Vučić wirbt um chinesische Investitionen
„In einer Zeit rapider technologischer Entwicklung darf Serbien nicht hinter die führenden Weltmächte zurückfallen und muss sich an die neue technologische Ära anpassen“, wird Vučić in einer Mitteilung zitiert. Der Politiker nutzte die Eröffnung für einige öffentlichkeitswirksame Bilder und spielte etwa Fußball mit einem der Roboter. Im Juni war der Politiker mit humanoiden Robotern, offenbar auch von Agibot, aufgetreten. Vučić sucht seit Jahren die Nähe zu Peking und zieht Investitionen chinesischer Unternehmen an Land, etwa in die Infrastruktur.
Die chinesische Parteizeitung „Global Times“ schrieb, Serbien bewege sich an die vorderste Front der Massenproduktion humanoider Roboter und könne eine „Verbindung zwischen chinesischen technologischen Fähigkeiten und europäischer Marktnachfrage“ schaffen. Zudem fülle die Fabrik eine Lücke in lokalisierter Massenproduktion, zitierte das Propagandamedium einen Wissenschaftler.
Der Vorstoß Agibots nach Europa steht im Kontrast zur Politik der US-Regierung.

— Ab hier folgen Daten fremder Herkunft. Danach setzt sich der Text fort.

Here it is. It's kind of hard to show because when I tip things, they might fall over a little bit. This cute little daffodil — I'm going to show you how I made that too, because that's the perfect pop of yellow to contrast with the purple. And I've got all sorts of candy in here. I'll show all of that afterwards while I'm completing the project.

Diese hatte Ende Juli den Import neuer Roboter aus China verboten. Neue Roboter erhalten demnach keine Zulassung der Kommunikationsaufsicht FCC mehr, diese ist aber für den Import notwendig. Die Roboter könnten genutzt werden, um Amerikaner auszuspionieren, hieß es von der FCC.
Humanoide Roboter gelten als mögliche Zukunftsbranche. Vor allem die chinesische Regierung verspricht sich viel von den Robotern in Menschenform und hat sie im 15. Fünfjahresplan, der den Zeitraum bis zum Jahr 2030 abdeckt, als eine vielversprechende Industrie definiert. Die Unternehmen erhalten hohe Subventionen von der Zentral- und den Lokalregierungen.

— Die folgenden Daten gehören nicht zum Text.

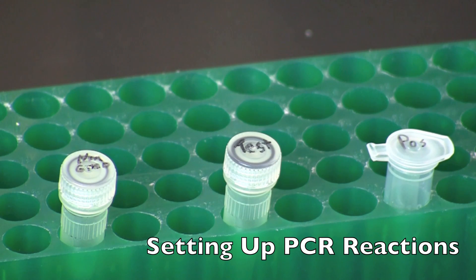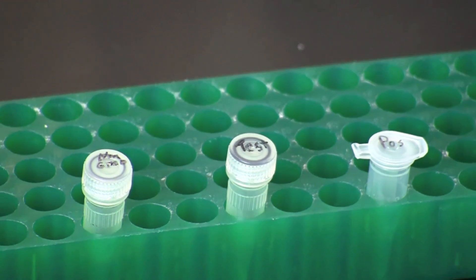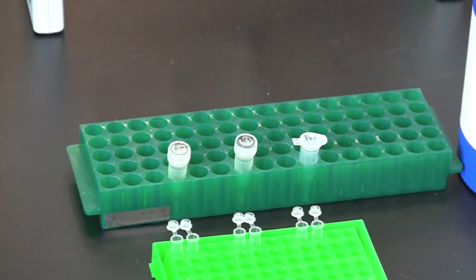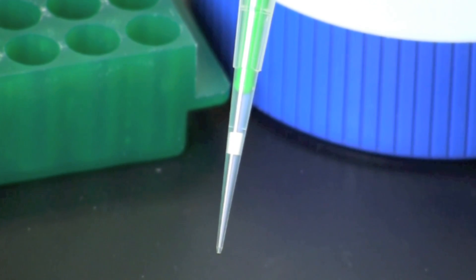To set up your PCR reactions, you will need your tubes with extracted DNA template from non-GM food and your test sample. You will also need a GMO-positive controlled DNA and 6 PCR tubes. Set your micropipette to 20 microliters. Always use aerosol barrier tips when setting up PCR reactions to prevent transferring aerosols from the pipette to the sample.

Ende August sorgten die Weltspiele für humanoide Roboter und eine große Robotikmesse in Peking für Aufsehen. Der Agibot-Konkurrent Unitree machte derweil mit einem fulminanten Börsengang in Shanghai Schlagzeilen. Agibot ist in den sozialen Medien bisher weniger präsent als Unitree. Im ersten Halbjahr hat das Unternehmen laut dem Marktforschungsunternehmen Counterpoint Research aber 9700 humanoide Roboter ausgeliefert und damit einen globalen Marktanteil von 43 Prozent erzielt, während Unitree auf 31 Prozent kam. Bei den kürzlich in Peking ausgetragenen Weltspielen für humanoide Roboter holte Agibot 18 Goldmedaillen und lag damit eigenen Angaben zufolge ganz vorn im Medaillenspiegel.